Rilla pointed out this article about a kid (a 7 year old girl) in Canada wanting to wear a burqa for halloween. The article is a critique of an earlier article in which the author said it wasn’t a good idea – but the critique is only of the reasons for the no, since the critic agrees that wearing a burqa at halloween is unacceptable. Interesting.

The earlier article offers reasons such as the (Canadian) muslim community being conflicted over the meaning and appropriateness of the burqa themselves. The criticism of this in the newer article is that this isn’t really all that relevant and makes implications about “good” and “bad” muslims. Well, maybe, I don’t really claim to know what it means.

The critical article rests its case on the idea that the kid wearing a burqa leads to Islam being “objectified, commodified, and appropriated.” The final reason given? “Some things are just offensive when some people wear them.” Uh… huh.

I think we can all agree that some people would be offended by seeing a 7 year old (presumably white?) girl dressed in a burqa on halloween.
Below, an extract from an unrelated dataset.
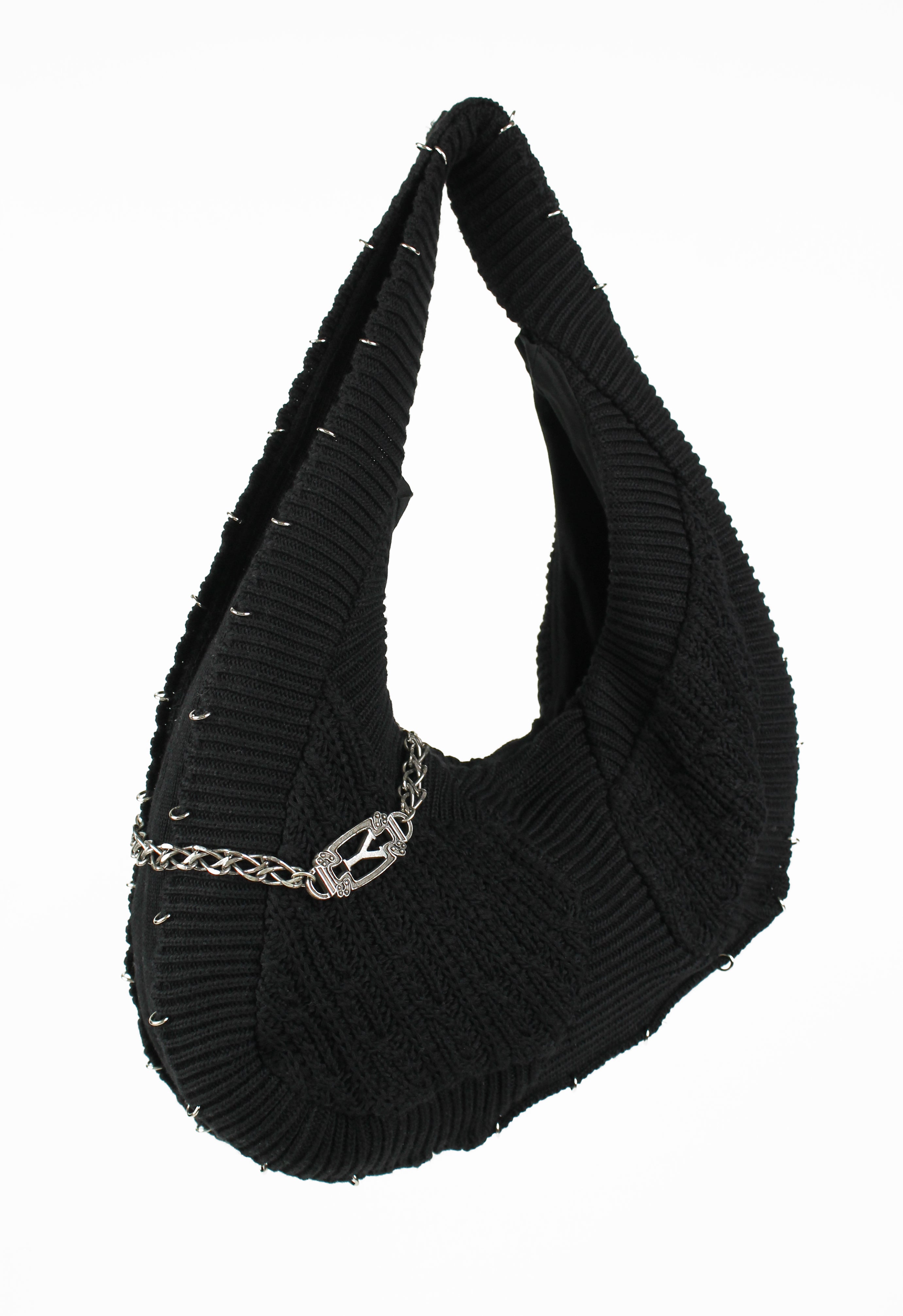 YOHJI YAMAMOTO KNITTED PIERCING & CHAIN BAG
It stirs up all kinds of things, no doubt – are the parents encouraging her to wear it because they want to make fun of Islam? Is it some sort of commentary on the political/social implications of the burqa? Is it a trivialising of a complex issue? Definitely there will be offended people – probably on all sides, muslims and non-muslims alike.

On the other hand, as per free speech, some people being offended by something you do (or wear) isn’t the world’s strongest reason not to do (or wear) it. The kid, according to the first article, wants to wear a burqa because she’s curious about it, which seems like an alright reason and pretty low on the offense scale. Why not just calm down and live about it? Is the kid seriously infringing on anything so important that people need to be super worried and prevent her from going ahead? Is this an ethical issue at all? I find it hard to see it that way.

If people shouldn’t wear “things that are just offensive when some people wear them”, then it’s pretty obvious that this would apply to the burqa generally (as well as countless other pieces of clothing) – lots of people find it offensive. But equally obviously, it’s not like no one should be allowed to wear the burqa just because it’ll piss those people off. Those people can go ahead and be offended. They may even live through the ordeal.

I can see how it might feel a bit tasteless to people, particularly in the context of halloween (burqa as “scary” costume), but it doesn’t sound like that was the intention. And even if it was… just move on with your life.